Although Hikvision has released updates for the cameras, more than 2300 companies ignore them. This could allow attackers to break into their networks.

 

The manufacturer closed a security gap in the surveillance cameras from Hikvision in September last year with updated firmware. According to research by the security company Cyfirma, however, there are still more than 80,000 vulnerable cameras on the Internet through which attackers could penetrate networks.

 

The vulnerability is a so-called command injection vulnerability in the web interface of the surveillance cameras. Due to insufficient verification of sent data, attackers could execute arbitrary commands on the devices and nest in them with a manipulated request (CVE-2021-36260, CVSS 9.8risk “critical“).

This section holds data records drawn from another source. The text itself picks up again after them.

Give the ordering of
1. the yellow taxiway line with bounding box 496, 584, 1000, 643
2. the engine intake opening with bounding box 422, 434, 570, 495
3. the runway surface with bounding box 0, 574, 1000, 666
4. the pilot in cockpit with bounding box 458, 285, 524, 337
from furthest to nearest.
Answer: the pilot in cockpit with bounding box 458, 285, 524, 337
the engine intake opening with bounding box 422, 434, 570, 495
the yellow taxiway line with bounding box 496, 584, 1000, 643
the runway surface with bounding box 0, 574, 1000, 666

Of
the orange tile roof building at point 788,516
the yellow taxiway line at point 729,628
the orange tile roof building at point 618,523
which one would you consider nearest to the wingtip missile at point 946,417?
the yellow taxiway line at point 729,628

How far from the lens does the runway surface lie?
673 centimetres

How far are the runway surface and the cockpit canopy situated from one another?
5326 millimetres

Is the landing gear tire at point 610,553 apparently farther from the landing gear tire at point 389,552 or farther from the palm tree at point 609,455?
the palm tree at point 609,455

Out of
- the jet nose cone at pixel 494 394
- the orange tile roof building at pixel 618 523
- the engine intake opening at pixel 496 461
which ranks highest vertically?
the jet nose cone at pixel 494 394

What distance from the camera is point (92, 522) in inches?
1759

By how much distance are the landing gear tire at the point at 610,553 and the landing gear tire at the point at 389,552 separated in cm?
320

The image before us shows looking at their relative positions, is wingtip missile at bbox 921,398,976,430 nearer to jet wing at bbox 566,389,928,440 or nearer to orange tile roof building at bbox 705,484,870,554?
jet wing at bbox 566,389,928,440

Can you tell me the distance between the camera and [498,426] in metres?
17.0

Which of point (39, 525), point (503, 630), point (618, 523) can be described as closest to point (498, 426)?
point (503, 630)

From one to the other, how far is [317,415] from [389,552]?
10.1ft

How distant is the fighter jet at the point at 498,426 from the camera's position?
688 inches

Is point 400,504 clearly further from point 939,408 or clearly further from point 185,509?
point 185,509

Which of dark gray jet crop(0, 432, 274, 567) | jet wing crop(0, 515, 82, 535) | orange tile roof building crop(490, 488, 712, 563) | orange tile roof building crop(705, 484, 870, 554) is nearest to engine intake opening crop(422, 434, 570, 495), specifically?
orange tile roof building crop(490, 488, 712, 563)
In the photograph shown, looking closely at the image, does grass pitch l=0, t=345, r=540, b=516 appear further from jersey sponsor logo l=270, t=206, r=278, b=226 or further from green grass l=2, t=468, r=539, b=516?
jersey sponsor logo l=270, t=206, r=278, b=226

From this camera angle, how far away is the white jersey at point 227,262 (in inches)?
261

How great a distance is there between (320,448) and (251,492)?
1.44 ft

At least two exploits for the vulnerability are publicly circulating. In a security notification, Hikvision has listed the numerous affected models, explained the security gap and offers to download updated firmware that closes the vulnerability. Apparently, many IT managers who use the cameras have not included the IoT devices in the maintenance cycle.

In July of this year, Cyfirma examined a random sample of 285,000 devices that could be accessed online. Among them were 80,000 cameras that still have a vulnerable firmware version. They are available at more than 2,300 institutions in over 100 countries. The most common vulnerable models, in descending order, were China, the US, Vietnam, the UK, Ukraine, Thailand, South Africa, and France and the Netherlands.

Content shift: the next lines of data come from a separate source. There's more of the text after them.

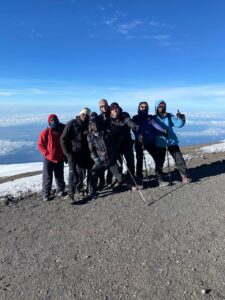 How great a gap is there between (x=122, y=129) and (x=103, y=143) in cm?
82

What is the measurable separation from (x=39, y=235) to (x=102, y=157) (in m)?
3.40

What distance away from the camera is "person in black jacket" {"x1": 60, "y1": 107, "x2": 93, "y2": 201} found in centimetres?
1050

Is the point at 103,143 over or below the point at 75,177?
over

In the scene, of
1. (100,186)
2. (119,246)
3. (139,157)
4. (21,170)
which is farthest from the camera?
(21,170)

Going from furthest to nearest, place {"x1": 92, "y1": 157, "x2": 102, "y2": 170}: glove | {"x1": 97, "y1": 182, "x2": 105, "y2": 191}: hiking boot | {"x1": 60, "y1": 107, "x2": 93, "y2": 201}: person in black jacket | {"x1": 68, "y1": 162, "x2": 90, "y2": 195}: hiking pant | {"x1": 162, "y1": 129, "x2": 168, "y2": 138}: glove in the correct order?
{"x1": 97, "y1": 182, "x2": 105, "y2": 191}: hiking boot
{"x1": 162, "y1": 129, "x2": 168, "y2": 138}: glove
{"x1": 68, "y1": 162, "x2": 90, "y2": 195}: hiking pant
{"x1": 92, "y1": 157, "x2": 102, "y2": 170}: glove
{"x1": 60, "y1": 107, "x2": 93, "y2": 201}: person in black jacket

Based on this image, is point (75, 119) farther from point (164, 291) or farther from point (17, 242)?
point (164, 291)

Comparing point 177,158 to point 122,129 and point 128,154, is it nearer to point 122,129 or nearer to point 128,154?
point 128,154

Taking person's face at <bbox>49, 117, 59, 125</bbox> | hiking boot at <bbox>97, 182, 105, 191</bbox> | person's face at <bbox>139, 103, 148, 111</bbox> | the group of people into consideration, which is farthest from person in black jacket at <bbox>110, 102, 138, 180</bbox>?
person's face at <bbox>49, 117, 59, 125</bbox>

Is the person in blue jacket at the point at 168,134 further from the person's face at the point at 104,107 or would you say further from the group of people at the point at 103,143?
the person's face at the point at 104,107

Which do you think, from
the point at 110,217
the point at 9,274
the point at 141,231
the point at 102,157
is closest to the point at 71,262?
the point at 9,274

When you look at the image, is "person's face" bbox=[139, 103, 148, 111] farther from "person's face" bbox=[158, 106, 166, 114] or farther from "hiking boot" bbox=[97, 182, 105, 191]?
"hiking boot" bbox=[97, 182, 105, 191]

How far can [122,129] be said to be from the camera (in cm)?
1088

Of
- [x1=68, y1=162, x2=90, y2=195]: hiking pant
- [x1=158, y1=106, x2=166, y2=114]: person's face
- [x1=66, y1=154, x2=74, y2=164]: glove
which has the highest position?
[x1=158, y1=106, x2=166, y2=114]: person's face

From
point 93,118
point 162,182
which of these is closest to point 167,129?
point 162,182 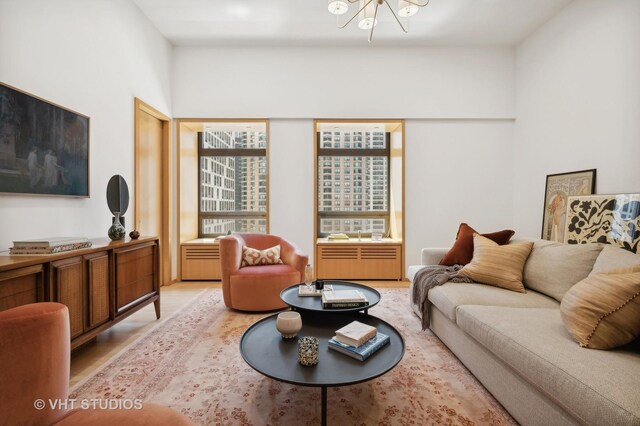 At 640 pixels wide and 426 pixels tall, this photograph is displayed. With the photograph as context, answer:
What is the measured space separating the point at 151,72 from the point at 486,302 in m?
4.49

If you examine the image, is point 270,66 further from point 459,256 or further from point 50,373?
point 50,373

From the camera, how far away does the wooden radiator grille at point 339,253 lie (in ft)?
14.0

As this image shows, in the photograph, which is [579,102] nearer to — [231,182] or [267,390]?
[267,390]

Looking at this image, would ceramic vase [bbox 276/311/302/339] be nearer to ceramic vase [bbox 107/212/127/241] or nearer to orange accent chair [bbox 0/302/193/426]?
orange accent chair [bbox 0/302/193/426]

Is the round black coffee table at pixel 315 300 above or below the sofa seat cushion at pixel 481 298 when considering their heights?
below

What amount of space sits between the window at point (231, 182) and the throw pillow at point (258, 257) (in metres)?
1.58

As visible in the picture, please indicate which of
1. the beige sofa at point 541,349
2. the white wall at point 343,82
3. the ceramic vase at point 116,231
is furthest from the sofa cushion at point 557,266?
the ceramic vase at point 116,231

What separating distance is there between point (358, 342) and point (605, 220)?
282 centimetres

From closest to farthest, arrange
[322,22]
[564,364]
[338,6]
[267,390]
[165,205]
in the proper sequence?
[564,364], [267,390], [338,6], [322,22], [165,205]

In particular, Chinese cybergangs such as Mission2025/APT41 or APT10 and their affiliates and an unknown Russian cybercriminal organization could abuse the vulnerability to achieve their goals, including geopolitical ones, Cyfirma believes according to their analysis (request form). Numerous leaked access to the cameras are for sale in Russian underground forums.

 

Administrators should urgently check the firmware status of their Hikvision cameras and, if necessary, update them quickly so that cyber intruders do not provide an unnecessary target for attacking them. In addition, IoT devices should ideally be locked into a separate (V)LAN or isolated via a firewall so that they do not pose a threat to the rest of the company network. IT managers are also well advised to include the IoT devices in their networks in the maintenance cycle.